Claims that nearly $20 billion in wasted natural gas could be used to generate reliable, affordable electricity
According to a study released by GE, titled ‘Flare gas reduction: recent global trends and policy considerations’, five per cent of the world’s natural gas production is wasted by burning or ‘flaring’ unused gas each year – an amount equivalent to 2.4 million barrels of oil per day.
The study says that gas flaring emits 400 million metric tonnes of carbon dioxide (CO2) annually, the same as 77 million automobiles and two per cent of global CO2 emissions from energy sources, without producing useful heat or electricity. Worldwide, billions of cubic metres of natural gas are wasted annually, typically as a by-product of oil extraction, it adds.
The study reports that flaring levels in the Middle East are relatively high, with the amount of gas flared increasing from 17.1 billion cubic metres (Bcm) per year in 2000 to 34.6 Bcm per year in 2008. The CO2 emissions from gas flaring, however, reportedly decreased from 98 million metric tonnes per year in 2004 to 87 million metric tonnes per year in 2008, and the flaring share of energy sector CO2 emissions also decreasing from 7 to 5.1 per cent during the same period.
The report records a notable achievement by Saudi Arabia in managing gas flaring. The Kingdom’s master gas system mega-project, which was online in 1982, today gathers almost 100 Bcm per year and is the world’s largest single hydrocarbon network. It claims that approximately half of the gas supply for the system comes from associated gas that was previously flared.
Elaborating on the subject, Joe Anis, GE Energy’s President and CEO for the Middle East, said: “The success achieved by Saudi Arabia is one example in the long journey for the Middle East region towards managing gas flaring more effectively, which has long-term environmental and energy sector impact. Eliminating wasteful gas flaring has the potential to be the next big energy and environmental success story, and through better management, the region can benefit not only from direct costs in terms of resource use, but also in social and environmental costs.”
The GE study says that the technologies required for a solution exist today.
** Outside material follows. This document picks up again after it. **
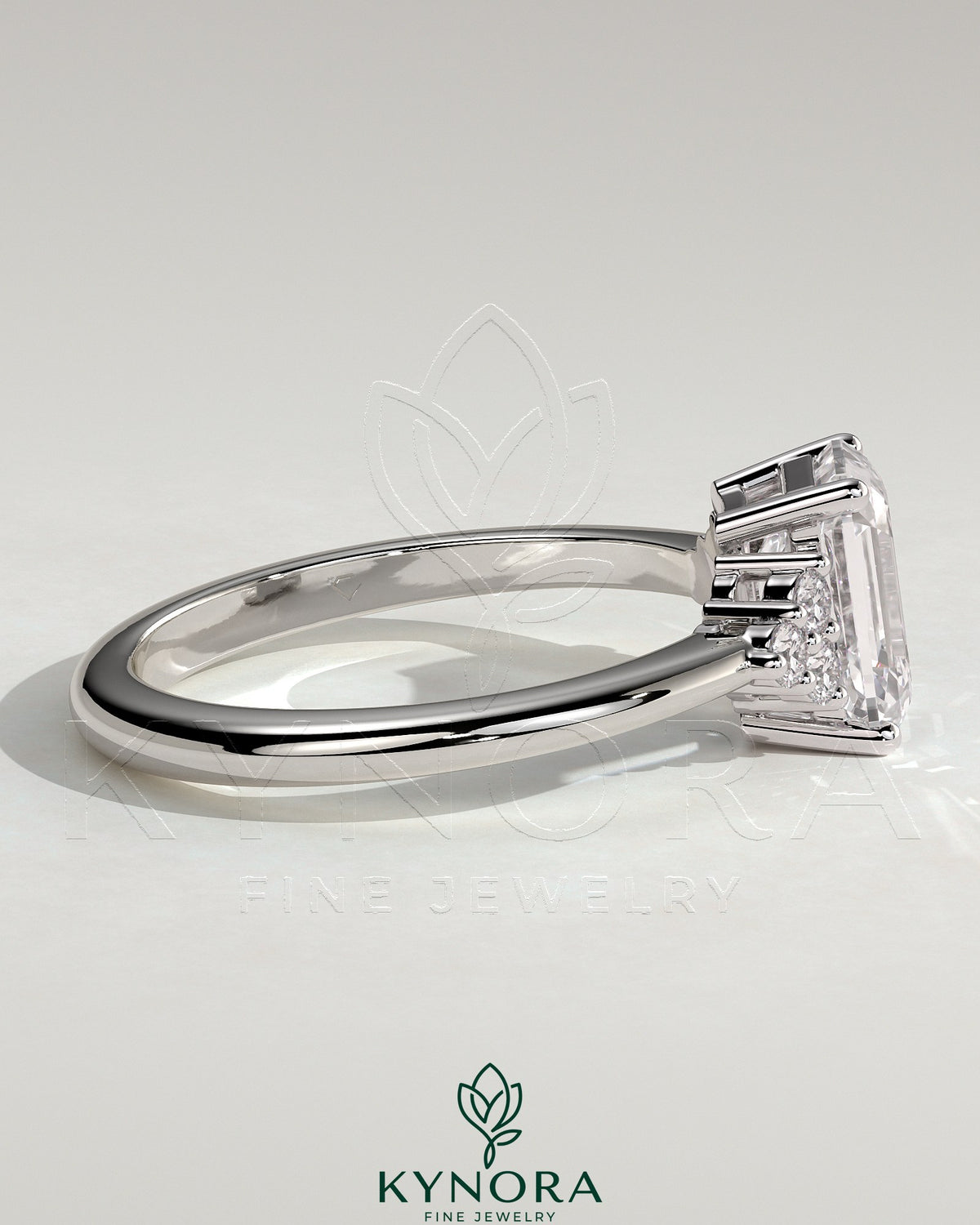 Kynora CJ 2ct emerald claw solitaire engagement ring with round shoulder stones, featuring a central emerald cut gemstone and side accents.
Depending on the region, these may include power generation, gas re-injection (for enhanced oil recovery, gathering and processing), pipeline development and distributed energy solutions. It believes that nearly $20 billion in wasted natural gas could be used to generate reliable, affordable electricity and yield billions of dollars per year in increased global economic output.
The study highlights the following recommendations to reduce gas flaring:
Strengthen international commitments: The next phase of flare gas eradication requires a coordinated effort from central and regional governments, oil and gas producers, technology providers and the international community. These efforts must include both proper punitive actions and incentives to encourage investment.
Advance local solutions: Local efforts are critical to flare gas reduction. Governments, producers and technology providers across the globe must cooperate to communicate the value of gas, including greater efficiency; highlight the financial benefits associated with gas flaring reduction; secure local government support for monitoring and enforcing flaring regulations; and build capacity that helps local investors and contractors develop, operate and service distributed power generation.
Expand access to financing: Local efforts require capital support, including investments in pipeline, processing and storage, which make it economically efficient to gather and utilise flare gas. Various forms of credit enhancement, including partial risk guarantees, are one option to support investment while policy reforms are under way. Targeted technology funds and carbon partnerships also can facilitate projects, along with carbon financing and expanded eligibility for flare gas reduction within the United Nations Clean Development Mechanism.